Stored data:
* * * * *

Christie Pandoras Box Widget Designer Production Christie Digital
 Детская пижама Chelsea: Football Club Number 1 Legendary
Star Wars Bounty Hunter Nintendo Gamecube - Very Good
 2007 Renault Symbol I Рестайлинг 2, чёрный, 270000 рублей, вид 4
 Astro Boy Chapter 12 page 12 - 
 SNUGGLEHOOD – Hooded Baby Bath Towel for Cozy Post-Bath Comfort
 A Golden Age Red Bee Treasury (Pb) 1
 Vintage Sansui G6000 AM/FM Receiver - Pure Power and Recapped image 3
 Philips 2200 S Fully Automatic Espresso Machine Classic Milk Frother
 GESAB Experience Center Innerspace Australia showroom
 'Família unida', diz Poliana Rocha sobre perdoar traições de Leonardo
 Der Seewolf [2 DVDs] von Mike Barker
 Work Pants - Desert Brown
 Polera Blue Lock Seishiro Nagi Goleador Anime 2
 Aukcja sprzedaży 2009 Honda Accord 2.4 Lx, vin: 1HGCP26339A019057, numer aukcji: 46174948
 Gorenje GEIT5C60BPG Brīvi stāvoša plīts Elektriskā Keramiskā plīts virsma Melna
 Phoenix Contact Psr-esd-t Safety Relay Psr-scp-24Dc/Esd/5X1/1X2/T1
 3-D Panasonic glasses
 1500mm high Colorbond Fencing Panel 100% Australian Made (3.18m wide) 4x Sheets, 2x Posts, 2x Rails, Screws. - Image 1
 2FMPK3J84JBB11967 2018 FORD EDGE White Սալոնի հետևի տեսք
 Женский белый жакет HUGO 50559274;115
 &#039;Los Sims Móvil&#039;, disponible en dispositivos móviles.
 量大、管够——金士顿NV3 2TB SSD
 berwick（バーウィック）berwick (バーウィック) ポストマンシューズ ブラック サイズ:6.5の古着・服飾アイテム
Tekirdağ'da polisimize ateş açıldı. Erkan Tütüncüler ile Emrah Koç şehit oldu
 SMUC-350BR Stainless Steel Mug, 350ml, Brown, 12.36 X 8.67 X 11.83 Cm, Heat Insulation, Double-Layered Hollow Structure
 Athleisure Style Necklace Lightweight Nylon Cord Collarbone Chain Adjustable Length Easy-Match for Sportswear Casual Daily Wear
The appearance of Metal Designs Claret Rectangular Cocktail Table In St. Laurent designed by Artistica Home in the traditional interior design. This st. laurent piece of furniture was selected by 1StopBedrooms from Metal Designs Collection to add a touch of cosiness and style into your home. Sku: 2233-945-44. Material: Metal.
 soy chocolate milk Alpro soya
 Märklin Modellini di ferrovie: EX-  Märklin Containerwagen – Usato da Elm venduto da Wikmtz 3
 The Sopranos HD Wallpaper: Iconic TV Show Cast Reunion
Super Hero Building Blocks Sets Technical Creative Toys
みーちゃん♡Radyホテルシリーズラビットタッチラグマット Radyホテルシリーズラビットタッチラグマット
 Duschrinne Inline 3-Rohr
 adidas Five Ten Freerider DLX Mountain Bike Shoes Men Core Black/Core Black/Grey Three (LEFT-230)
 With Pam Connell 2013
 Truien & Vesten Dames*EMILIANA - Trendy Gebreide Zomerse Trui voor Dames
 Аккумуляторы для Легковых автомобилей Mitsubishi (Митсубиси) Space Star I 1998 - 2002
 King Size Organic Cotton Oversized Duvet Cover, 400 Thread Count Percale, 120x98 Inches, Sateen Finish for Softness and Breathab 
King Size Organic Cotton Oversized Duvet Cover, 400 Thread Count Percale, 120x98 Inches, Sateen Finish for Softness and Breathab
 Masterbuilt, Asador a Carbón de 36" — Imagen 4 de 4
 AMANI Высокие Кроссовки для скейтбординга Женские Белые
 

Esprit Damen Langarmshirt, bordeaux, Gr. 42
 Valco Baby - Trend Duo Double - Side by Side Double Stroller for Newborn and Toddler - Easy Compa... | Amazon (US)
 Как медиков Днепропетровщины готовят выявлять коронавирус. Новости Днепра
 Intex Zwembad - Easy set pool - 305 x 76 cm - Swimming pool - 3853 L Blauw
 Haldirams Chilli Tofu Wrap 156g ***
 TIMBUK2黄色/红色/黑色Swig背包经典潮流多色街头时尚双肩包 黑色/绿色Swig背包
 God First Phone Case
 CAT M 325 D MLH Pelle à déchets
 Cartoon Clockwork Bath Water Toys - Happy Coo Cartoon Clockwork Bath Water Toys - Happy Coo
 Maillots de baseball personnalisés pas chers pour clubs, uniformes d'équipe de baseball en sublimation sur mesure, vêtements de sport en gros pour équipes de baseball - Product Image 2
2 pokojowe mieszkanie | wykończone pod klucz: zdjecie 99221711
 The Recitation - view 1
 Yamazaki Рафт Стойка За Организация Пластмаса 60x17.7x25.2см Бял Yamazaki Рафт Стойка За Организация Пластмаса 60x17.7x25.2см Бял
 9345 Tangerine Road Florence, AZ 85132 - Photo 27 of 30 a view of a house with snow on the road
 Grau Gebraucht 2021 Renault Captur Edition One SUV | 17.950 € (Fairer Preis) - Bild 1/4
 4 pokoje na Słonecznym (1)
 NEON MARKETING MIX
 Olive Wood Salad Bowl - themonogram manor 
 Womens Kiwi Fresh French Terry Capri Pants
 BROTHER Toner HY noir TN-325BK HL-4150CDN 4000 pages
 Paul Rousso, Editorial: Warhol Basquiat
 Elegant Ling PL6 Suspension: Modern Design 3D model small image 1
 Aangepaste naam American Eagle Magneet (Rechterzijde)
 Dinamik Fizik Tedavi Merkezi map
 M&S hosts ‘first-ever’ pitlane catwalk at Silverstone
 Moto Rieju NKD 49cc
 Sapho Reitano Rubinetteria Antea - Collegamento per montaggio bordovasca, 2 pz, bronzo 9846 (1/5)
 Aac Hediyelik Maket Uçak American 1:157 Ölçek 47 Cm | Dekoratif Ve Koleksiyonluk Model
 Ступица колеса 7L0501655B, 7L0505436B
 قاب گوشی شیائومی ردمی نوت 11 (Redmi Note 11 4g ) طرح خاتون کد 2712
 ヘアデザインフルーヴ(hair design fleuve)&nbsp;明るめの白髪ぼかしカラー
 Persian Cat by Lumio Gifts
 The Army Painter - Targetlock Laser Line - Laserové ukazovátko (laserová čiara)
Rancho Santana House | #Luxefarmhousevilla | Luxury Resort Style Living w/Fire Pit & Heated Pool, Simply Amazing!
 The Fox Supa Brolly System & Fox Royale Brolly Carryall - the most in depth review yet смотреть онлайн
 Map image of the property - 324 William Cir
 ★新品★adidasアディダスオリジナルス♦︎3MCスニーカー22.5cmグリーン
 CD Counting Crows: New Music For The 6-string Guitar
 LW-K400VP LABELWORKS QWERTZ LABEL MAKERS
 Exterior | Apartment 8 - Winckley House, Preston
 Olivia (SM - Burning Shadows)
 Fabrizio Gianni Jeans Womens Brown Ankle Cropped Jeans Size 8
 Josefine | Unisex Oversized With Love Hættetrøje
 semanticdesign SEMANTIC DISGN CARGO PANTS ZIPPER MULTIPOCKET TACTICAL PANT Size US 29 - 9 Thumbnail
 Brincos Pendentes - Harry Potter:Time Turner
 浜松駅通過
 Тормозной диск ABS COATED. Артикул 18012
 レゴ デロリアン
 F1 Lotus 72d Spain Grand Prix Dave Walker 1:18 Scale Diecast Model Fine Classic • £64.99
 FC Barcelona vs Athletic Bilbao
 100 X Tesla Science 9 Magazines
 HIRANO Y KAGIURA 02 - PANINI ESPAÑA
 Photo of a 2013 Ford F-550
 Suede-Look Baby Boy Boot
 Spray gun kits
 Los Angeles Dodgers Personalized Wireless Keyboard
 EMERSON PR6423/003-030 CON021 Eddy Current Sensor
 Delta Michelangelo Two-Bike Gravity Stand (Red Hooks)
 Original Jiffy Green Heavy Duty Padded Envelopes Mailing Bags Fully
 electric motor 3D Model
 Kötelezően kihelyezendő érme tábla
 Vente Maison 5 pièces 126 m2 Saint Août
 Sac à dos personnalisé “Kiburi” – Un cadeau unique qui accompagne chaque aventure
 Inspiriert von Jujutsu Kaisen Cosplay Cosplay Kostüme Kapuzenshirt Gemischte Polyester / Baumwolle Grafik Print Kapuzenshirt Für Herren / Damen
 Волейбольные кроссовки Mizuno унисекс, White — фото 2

* * * * *

## WHAT IS REQUIRED
Lines containing the string "King" are the ones to copy from the entries above.

## COMPLETED EXERCISE
 King Size Organic Cotton Oversized Duvet Cover, 400 Thread Count Percale, 120x98 Inches, Sateen Finish for Softness and Breathab 
King Size Organic Cotton Oversized Duvet Cover, 400 Thread Count Percale, 120x98 Inches, Sateen Finish for Softness and Breathab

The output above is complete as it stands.